Doch aus der 30-Megawatt-Elektrolyseanlage zur Erzeugung von Wasserstoff (H₂) aus einem Wasser mittels Strom aus Sonne und Wind wird nichts – trotz Fördermitteln des Wirtschafts- und Klimaministeriums (BMWK) und des Projektträgers Forschungszentrum Jülich (FZJ), des einstigen Kernforschungszentrums im Kreis Düren (NRW). „Die Bundesregierung hat die Reallabore in Deutschland damit beauftragt, die Machbarkeit der Produktion von grünem Wasserstoff zu untersuchen und Chancen, Hürden und Risiken auszuloten“, erklärte Roland Kühl, Geschäftsführer der Raffinerie Heide. Aber „ein Projekt lebt von der Wirtschaftlichkeit, und die war hier leider nicht gegeben“, kritisierte Jörg Kubitza, Geschäftsführer des dänischen Windkraftkonzerns Ørsted in Deutschland.
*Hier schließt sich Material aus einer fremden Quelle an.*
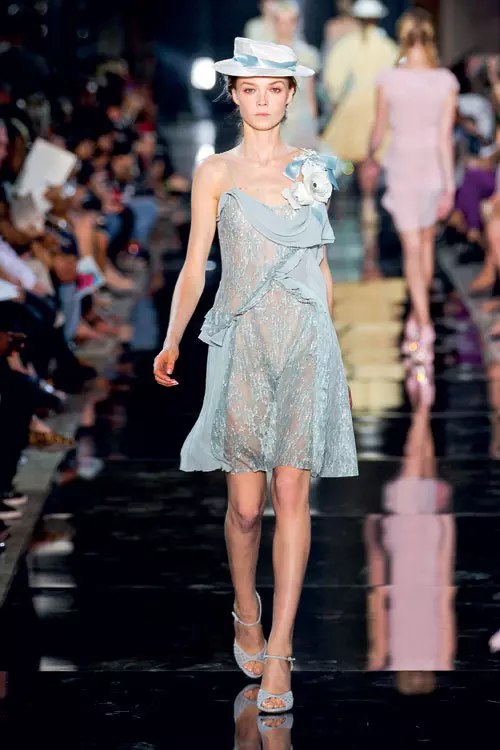 John Galliano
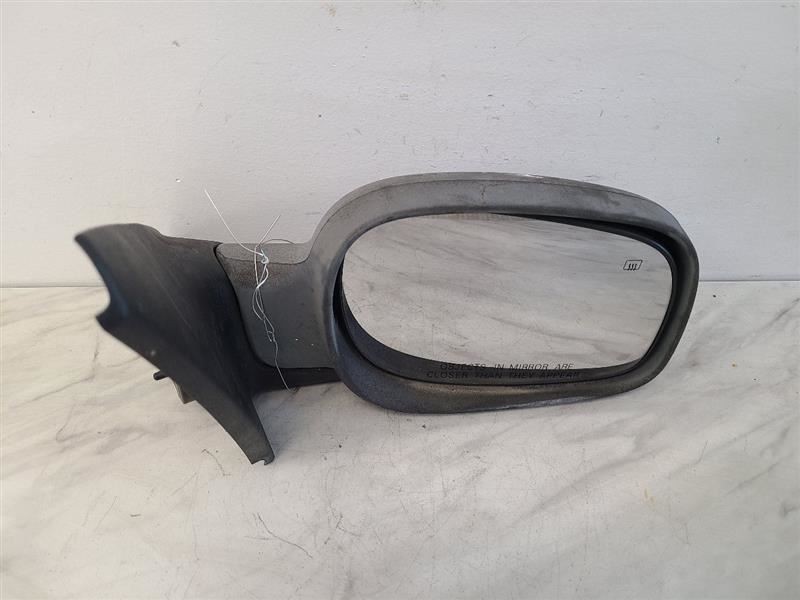 Passenger Side View Mirror Power Heated Fits 03-05 FREELANDER 512569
Erkenntnisse für Dekarbonisierung und künftige Projekte nutzen

H₂ sei „ein wichtiger Eckpfeiler in der Dekarbonisierung der deutschen Industrie“, dafür „müssen aber die Kosten stimmen und ein Markt geschaffen werden“, findet Kubitza – sprich: Ohne komplette Steuerzahlerhaftung geht es nicht. Und Antoine Aslanidès, Geschäftsführer von Hynamics, einer Tochterfirma des französischen Energiekonzerns EDF, bedankte sich dennoch bei der Bundesregierung: Das Projekt „Westküste 100“ habe es ermöglicht, „wertvolle Fähigkeiten und Kompetenzen zu entwickeln“. Man werde sich auch weiter für die „Dekarbonisierung“ einsetzen und das erarbeitete Wissen für zukünftige Projekte nutzen.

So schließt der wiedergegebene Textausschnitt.